**WHAT YOU ARE ASKED TO DO**
Your answer must consist of exactly the lines below, starting with the line with "Custom Lips (Pucker" and going on through the line with "Eigen terrein +", and nothing else.

**EXTRACTED ENTRIES**
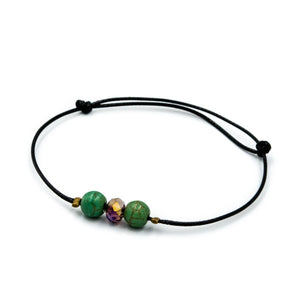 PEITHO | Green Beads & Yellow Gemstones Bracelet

---

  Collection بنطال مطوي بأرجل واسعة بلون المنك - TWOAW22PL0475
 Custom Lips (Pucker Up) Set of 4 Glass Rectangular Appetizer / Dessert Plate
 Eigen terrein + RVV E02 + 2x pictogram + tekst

--

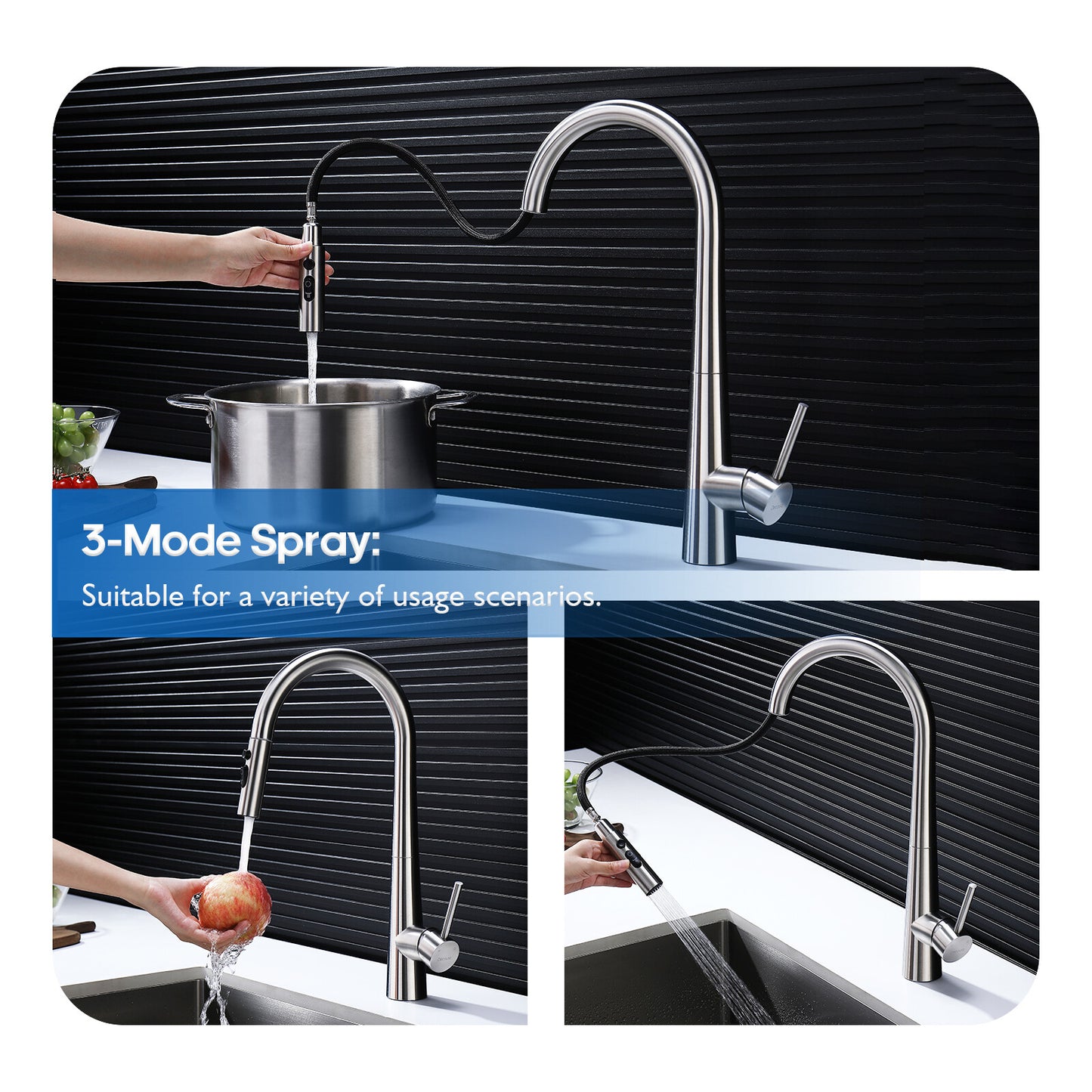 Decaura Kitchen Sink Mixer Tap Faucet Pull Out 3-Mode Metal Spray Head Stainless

**ANSWER SPACE**
 Custom Lips (Pucker Up) Set of 4 Glass Rectangular Appetizer / Dessert Plate
 Eigen terrein + RVV E02 + 2x pictogram + tekst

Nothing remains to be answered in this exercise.